Начальник любил пробегать по мастерским перед самым гудком: он требовал, чтобы кончали работать минута в минуту, ровно в двенадцать.

Он как-то забежал в наждачную клетку.

Отворил дверь и… окаменел.

Перед ним привидение: высокий силач, весь в сером – серая одежда, серая голова, серое лицо, руки. На глазах черные очки.

Человек, привыкший к заводскому шуму, может сквозь железный грохот расслышать легкий шелест двери: старик остановил работу, снял очки. Начальник увидал у него слезы.

– Вы плачете?

Старик помотал головой и показал на пыль.
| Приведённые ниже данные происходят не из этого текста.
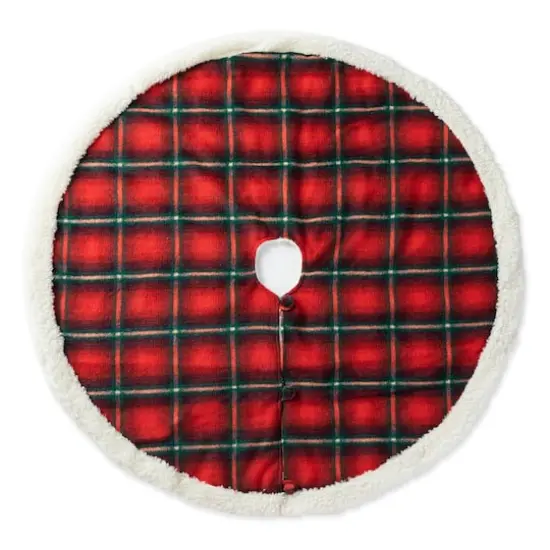 Glitzhome&reg; 48" Red & Black Plaid Reversible Sherpa/Flannel Christmas Tree Skirt {1}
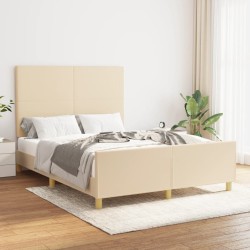 Cadre de lit sans matelas crème 140x190 cm tissu 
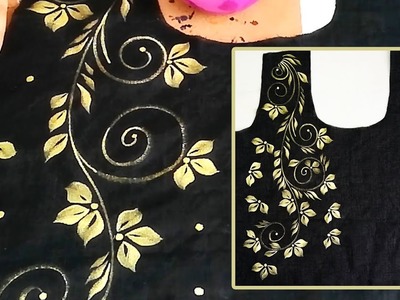 Free Hand Painted Black Kurti Border. Bel Design | Designer Kurti | Fabric Painting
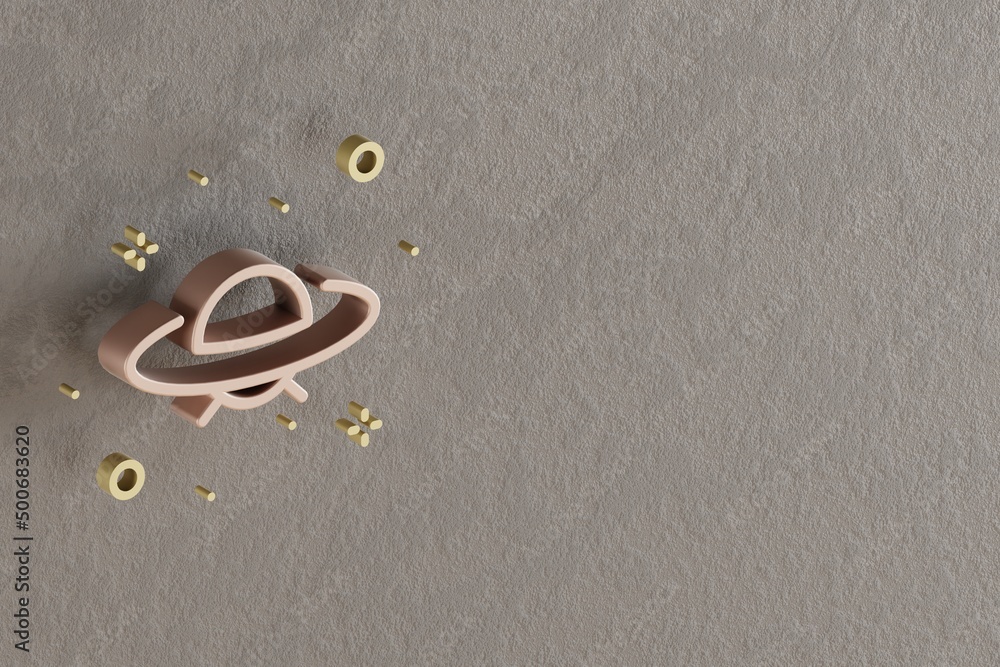Poster Beautiful abstract illustrations Golden Ufo and start symbol icons on a gray wall background. 3d rendering illustration. Background pattern for design. Space exploration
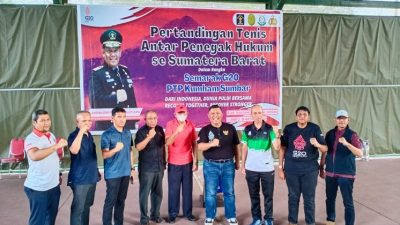 Gelorakan Semarak G20, Kumham Sumbar Gelar Pertandingan Persahabatan Tenis Lapangan Antar APH Sumatera Barat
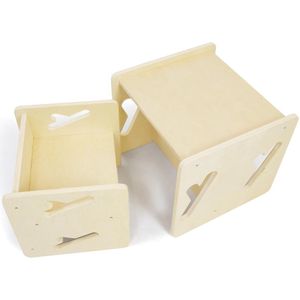 TheLau ® Houten Montessori Kindermeubelset voor Creatief en Educatief Gebruik, Compleet met Tafel en Twee Stoelen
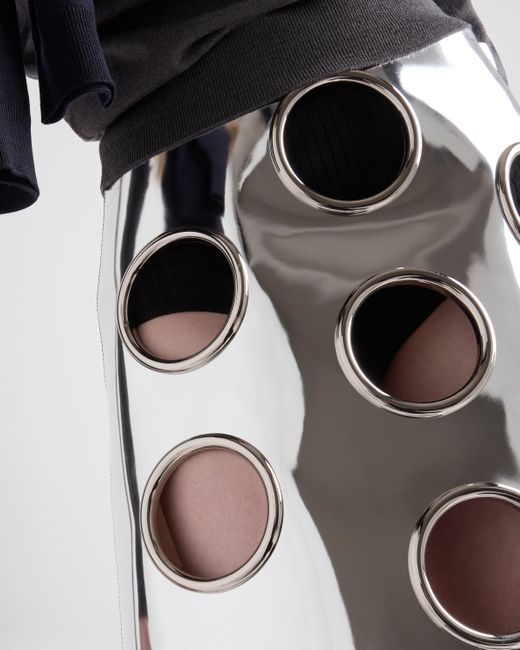 Prada Metallic-Effect Leather Midi Skirt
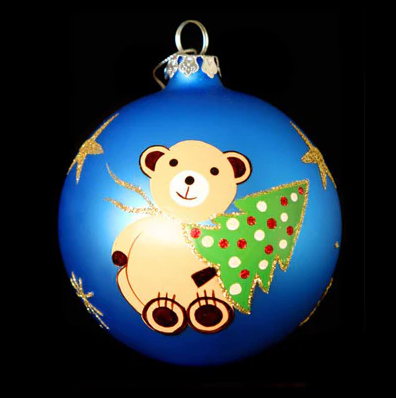 Blue Hand Painted Glass Teddy Bear Bauble 100mm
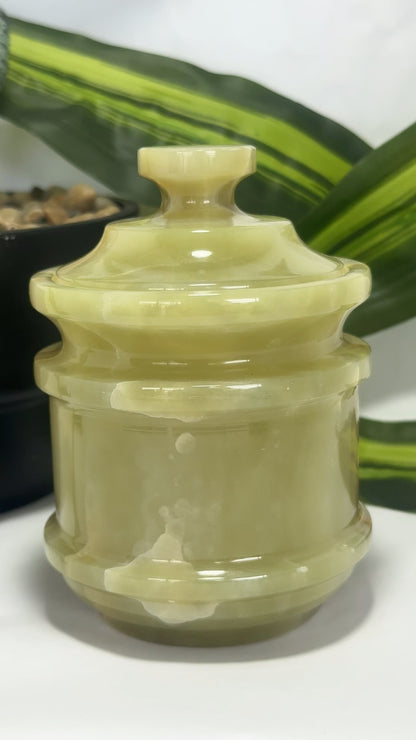 Green Banded Onyx Jar with Lid 550g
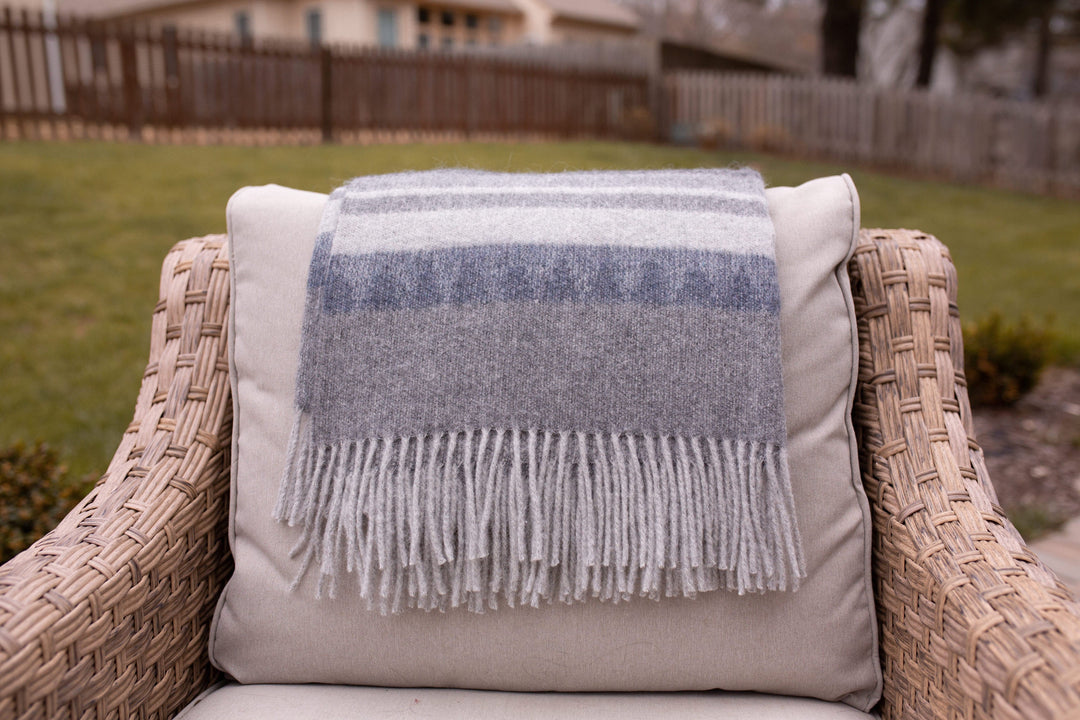 Campestre Alpaca Blend Throw - Grey / Blue - Beyond Borders Collective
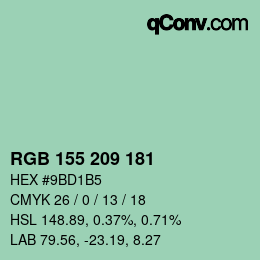 カラーコード: RGB 155 209 181 | qconv.com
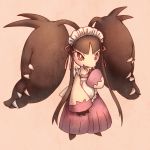  10s alternate_form black_hair maid mawile mega_mawile mega_pokemon moe_(hamhamham) nintendo no_humans pokemon pokemon_(game) pokemon_xy red_eyes simple_background solo tagme 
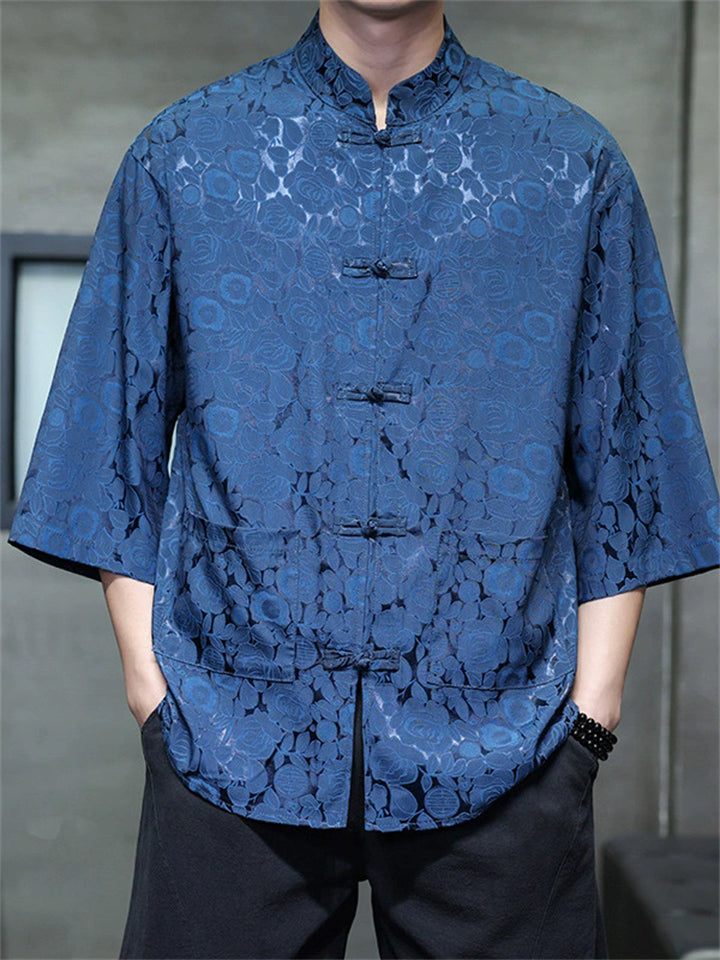 Men's Summer Cool Roses Jacquard Frog Button 3/4 Sleeve Tangsuit Shirts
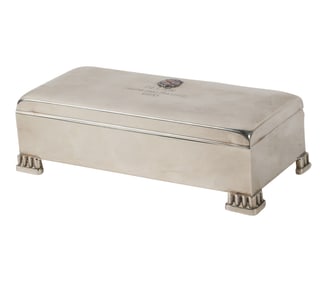 An American Sterling Golf Trophy Humidor Box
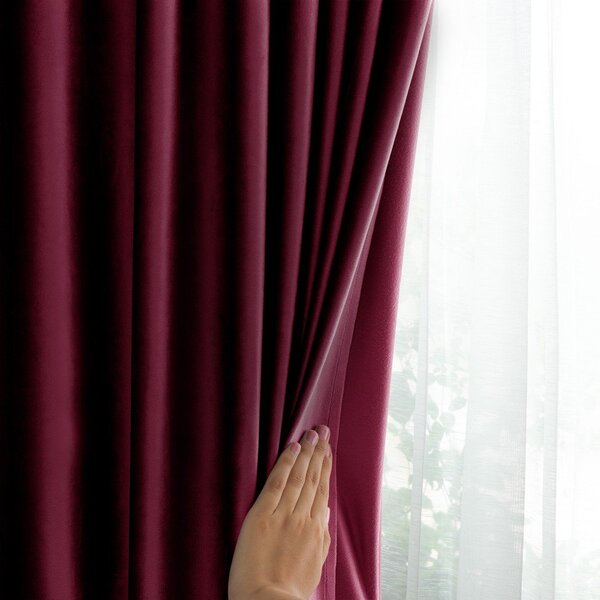 Vínový sametový dimout závěs 140x245 cm Pleat – Restilo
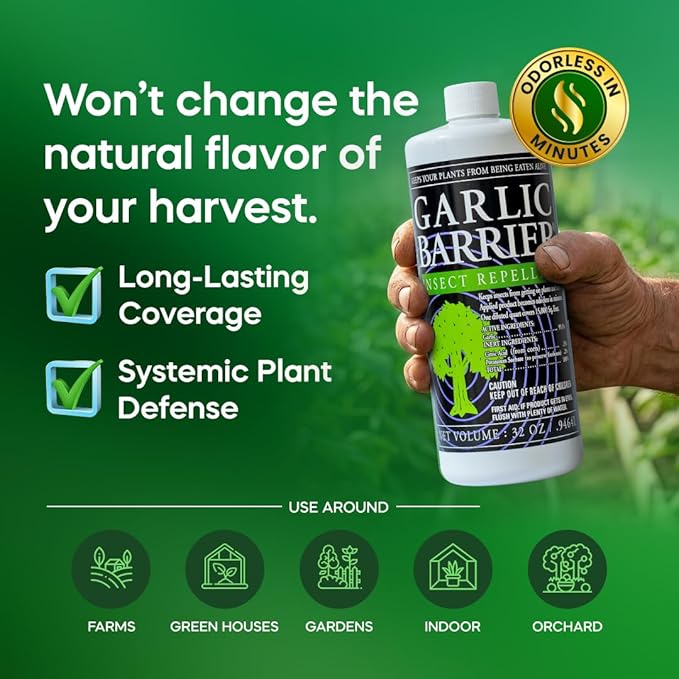 Liquid Garlic Insect Repellent Concentrate, 32 fl oz (2 Pack) – OMRI Listed Garlic-Based Formula for Farms, Crops, Gardens & Greenhouses – Indoor & Outdoor Plant Protection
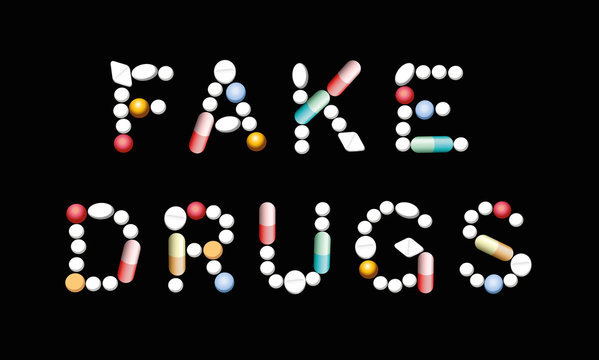 FAKE DRUGS written with pills, tablets and capsules. Isolated vector illustration on black background.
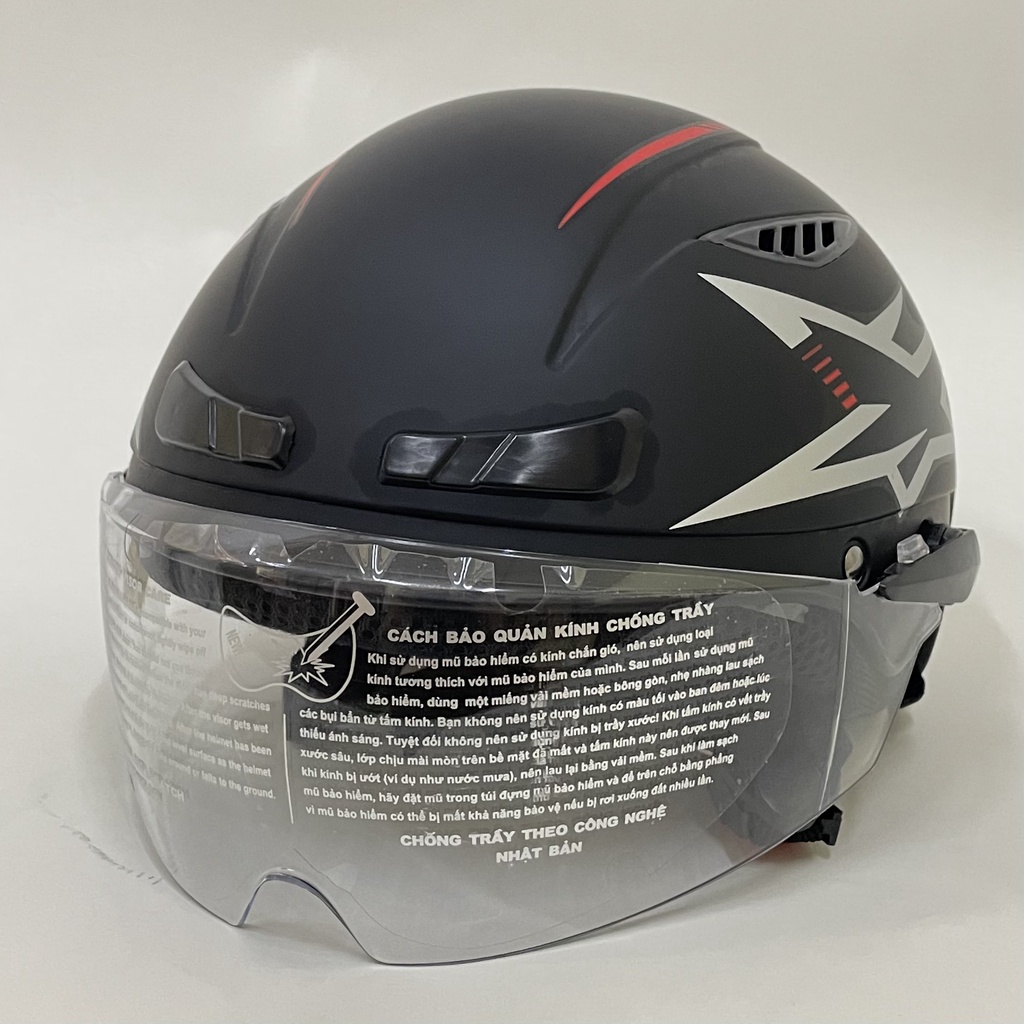 Mũ Bảo Hiểm 1/2 Đầu Có Kính CHITA HELMETS CT30(K) Tem Sao
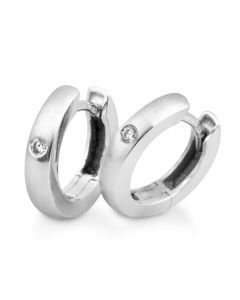 Breuning Rhodium Plated Round Huggie Earrings with CZ 06/06524-7
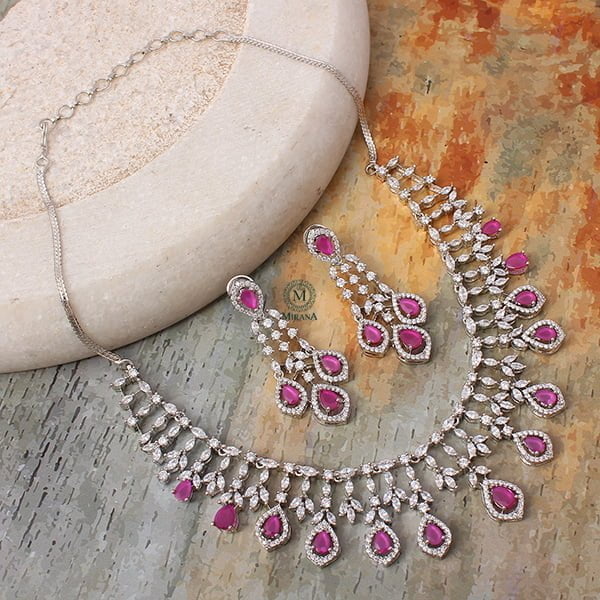 Gracy Ruby CZ Designer Necklace Set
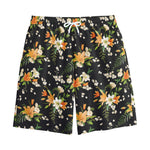 Spring Lily Flowers Pattern Print Cotton Shorts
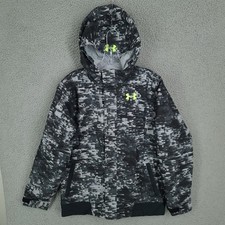 Under Armour Jacket Boys Large Infrared Powerline Coldgear Digital Camo Hood Ski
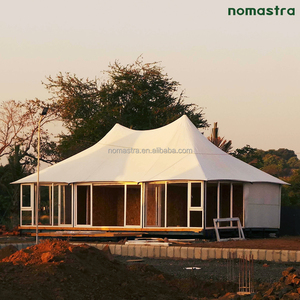 Tiendas de campaña prefabricadas con marco de acero con salón + baño Unidad de campamento de lujo para paisajes salvajes Glamping Hotel Carpa con baño - Product Image 2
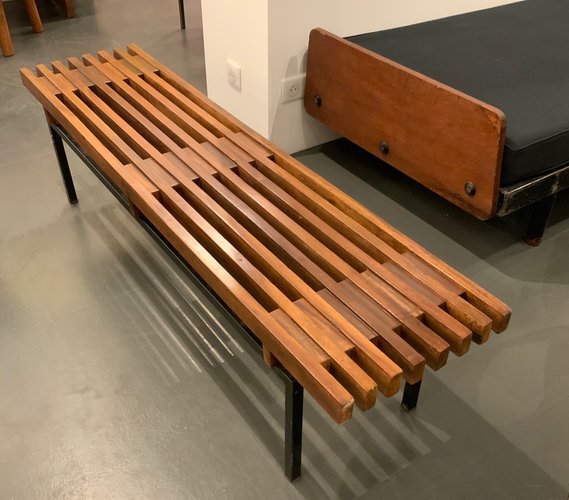 Wooden Bench By Ico Luisa Parisi 1960s, Wooden Bench Images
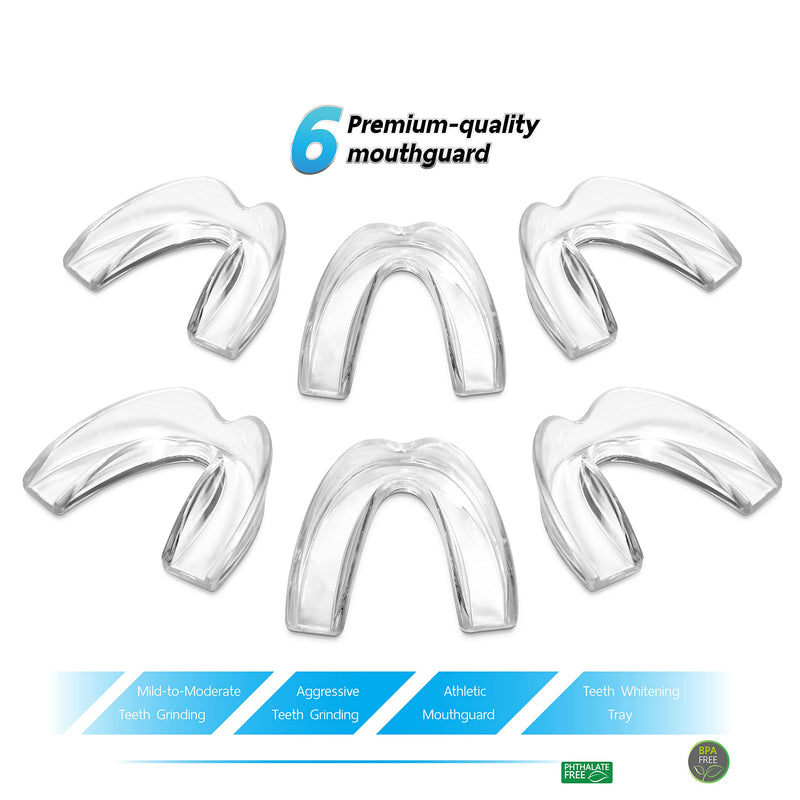 [Australia] - Pack of 6 Moldable Mouth Guard for Teeth Grinding Clenching Bruxism, Sport Athletic, Whitening Tray 7 Piece Set Old Black 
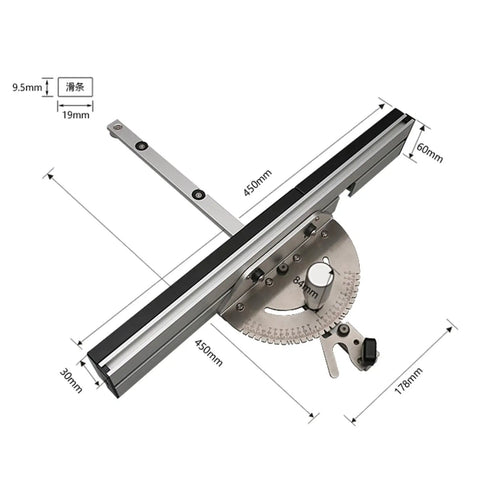 Precision Miter Gauge With Flip Stop Fence And Sixty Degree Angles Router Table Saw Accessory showing measurements and features.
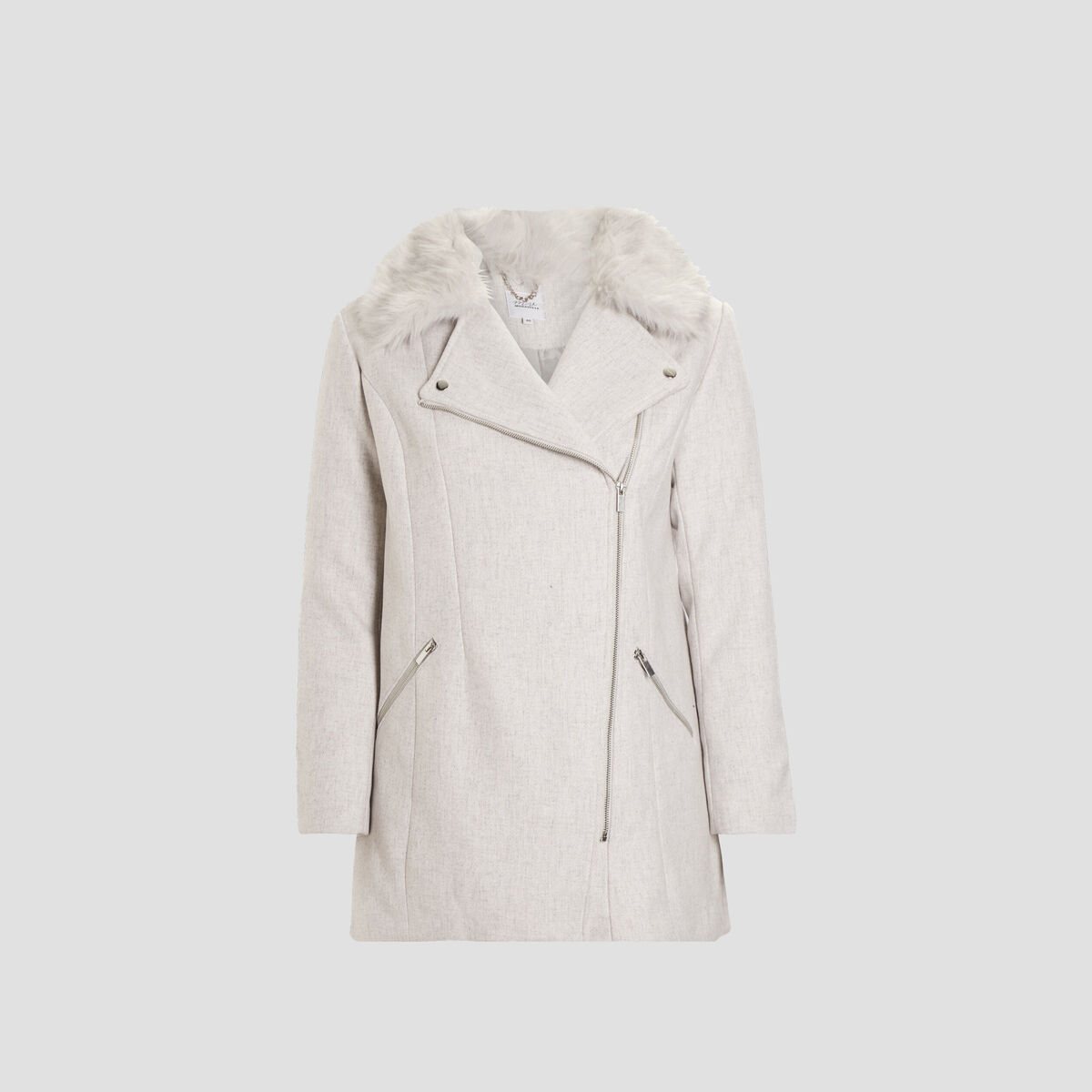 Manteau mi-long col imitation fourrure gris femme grande taille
– Ах, она едкая… – проговорил начальник. – Вы давно работаете?

Старик уже несколько лет ни с кем не говорил: работа приучила его молчать, сухая грудь отвечала кашлем на каждое слово старика.

– Тридцать пять… – процедил он.

Его голос показался начальнику страшен.

У него сразу мелькнула мысль: это один из тех, которые держатся на заводе для агитации. Они вербуют людей в союз, в партии, они говорят на собраниях. Такие люди могут потрясать миллионы своим загробным голосом.